**WHAT THE TASK REQUIRES**
Those lines of the data that hold the word "featuring" are to be copied out.

· · · · ·

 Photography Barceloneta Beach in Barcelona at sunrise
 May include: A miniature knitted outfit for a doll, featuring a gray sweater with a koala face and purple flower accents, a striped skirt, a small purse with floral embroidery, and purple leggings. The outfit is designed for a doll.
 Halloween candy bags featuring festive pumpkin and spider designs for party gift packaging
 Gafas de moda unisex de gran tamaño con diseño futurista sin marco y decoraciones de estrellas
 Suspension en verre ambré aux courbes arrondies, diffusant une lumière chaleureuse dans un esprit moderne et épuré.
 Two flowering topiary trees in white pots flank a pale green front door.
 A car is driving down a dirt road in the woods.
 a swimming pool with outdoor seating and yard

· · · · ·

**TASK SOLUTION**
 May include: A miniature knitted outfit for a doll, featuring a gray sweater with a koala face and purple flower accents, a striped skirt, a small purse with floral embroidery, and purple leggings. The outfit is designed for a doll.
 Halloween candy bags featuring festive pumpkin and spider designs for party gift packaging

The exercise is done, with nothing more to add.